In-universe information
- Nickname: Jules
- Occupation: Socialite College student Charity volunteer
- Family: Cynthia Sharp (mother) Ben Donovan (older half-brother) Colin Forrester (cousin)
- Birthplace: Connecticut

= Juliet Sharp =

Juliet Sharp is a recurring character who exclusively appeared in the Gossip Girl television adaptation. The character was created by Gossip Girl producer Stephanie Savage and is portrayed by actress Katie Cassidy. The series portrays her as a scheming and secretive but caring woman who develops into a formidable antagonist as her agenda against Serena van der Woodsen progressed. The actions of character has drawn comparisons to another villain of Gossip Girl, Georgina Sparks, and received positive reviews for her inclusion in the series. Juliet only appears during the first half of the fourth season, though she returns in the series finale.

==Television series==
===Casting===
Prior to the premiere of the fourth season, former Melrose Place star Katie Cassidy joined the cast as Juliet, a student at Columbia University and a potential love interest for Nate, with an agenda against Serena.

===Season 4===
Juliet was introduced in the fourth season as the primary antagonist to Serena.

===Season 6===
On October 12, 2012, it was reported that Cassidy would reprise her role as Juliet in the Gossip Girl series finale. Her brief cameo featured her, once suspected of being Gossip Girl herself, reacting with astonishment to the revelation of Gossip Girl's true identity.

==Reception==
| "I didn't actually read that into it until I actually saw it on TV and how they set it up. I can see why people would think that." —Katie Cassidy on fans thinking she was Gossip Girl. |

During the fourth season premiere, The A.V. Club Erik Adams praised the casting of Cassidy and the character of Juliet having "the most intriguing hand to reveal in coming episodes. Introduced as the cultured, compassionate antidote to the bimbos performing a commercial for Rock Band 3 [...] the character leaves 'Belles du Jour' by flashing a cork-board diagram of the main cast's social circle that would leave The Wires Lester Freamon thoughtfully nodding his head." Steve Marsi of TV Fanatic commended her addition to the cast, stating, "There's chemistry between them, but is it all part of some devious plan to ruin Nate ... or Serena? The final shot of Juliet's bulletin board was awesome. We thought for a split second that she just might be Gossip Girl herself. While that might be a stretch, Juliet is clearly plotting something elaborate and we're hooked on her." An interview with the New York Post dispelled rumors when Cassidy jokingly stated that she was not portraying Gossip Girl but understood how the episode had been set up to make fans assume.

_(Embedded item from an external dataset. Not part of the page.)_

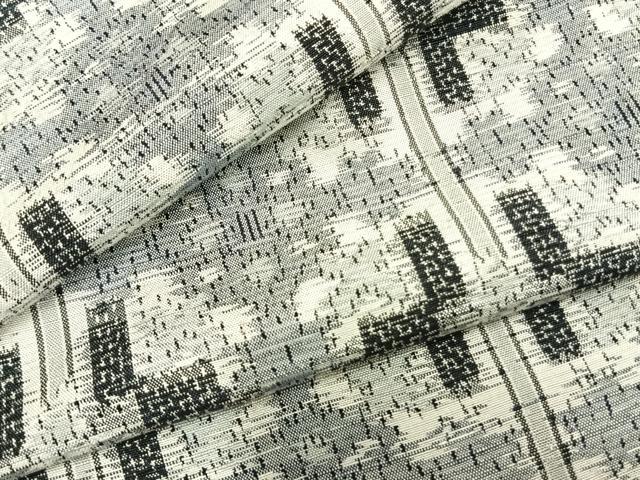 平和屋着物▽上質な紬 単衣 幾何学文様 正絹 逸品 AABC0426fy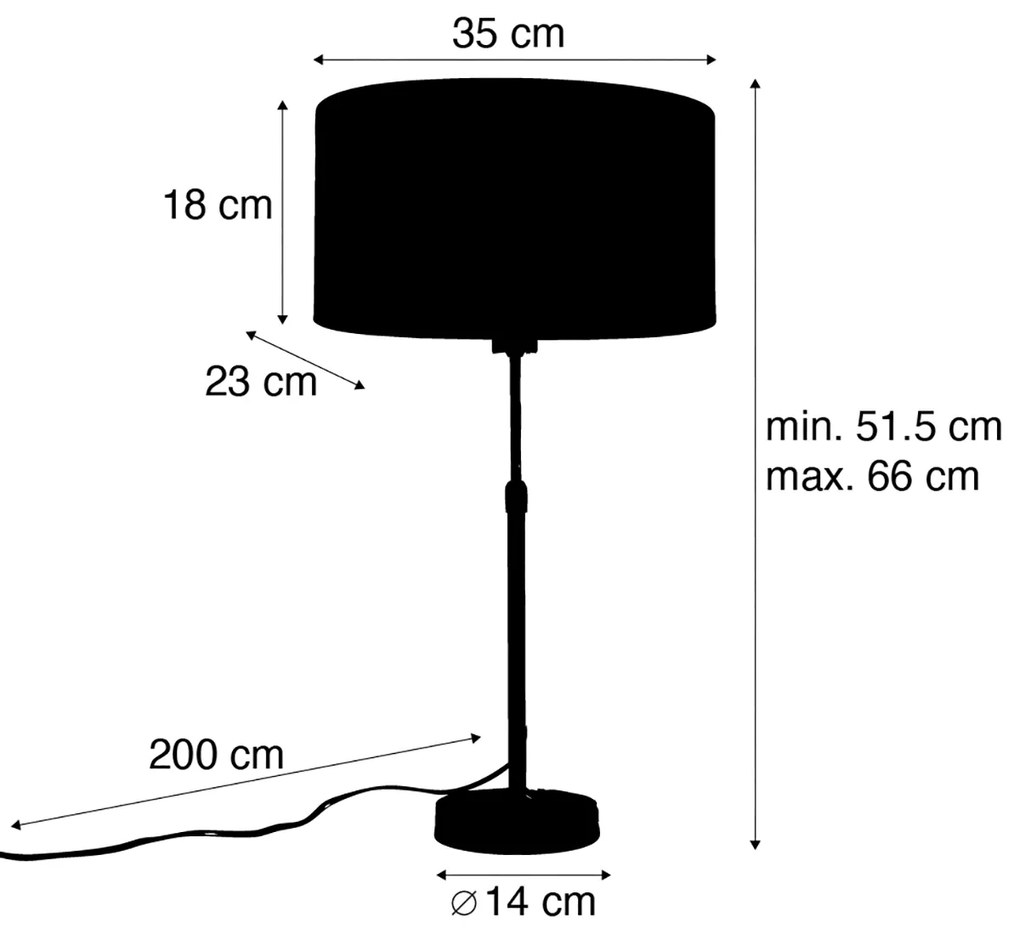 Tafellamp brons met ovale velours kap groen 35cm - Parte Modern, Klassiek / Antiek E27 Binnenverlichting Lamp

Judy Berman of the Los Angeles Times labeled her as "the season's most mysterious schemer" and commended how "her true goal remains the biggest mystery of the season so far." With the airing of the mid-season finale, "The Townie", Berman declared her role in Serena's storyline as "the best of the season".

Following the airing of the Thanksgiving episode, "Gaslit", Steve Marsi of TV Fanatic named her "one of the best villains in Gossip Girl history". Her actions in the episode have earned her notoriety that New York magazine's Vulture set a poll on whether Georgina or Juliet was the more devious character, stating, "Never before has anyone on Gossip Girl challenged Georgina for sheer evilness, but in last night's episode, Juliet stepped up."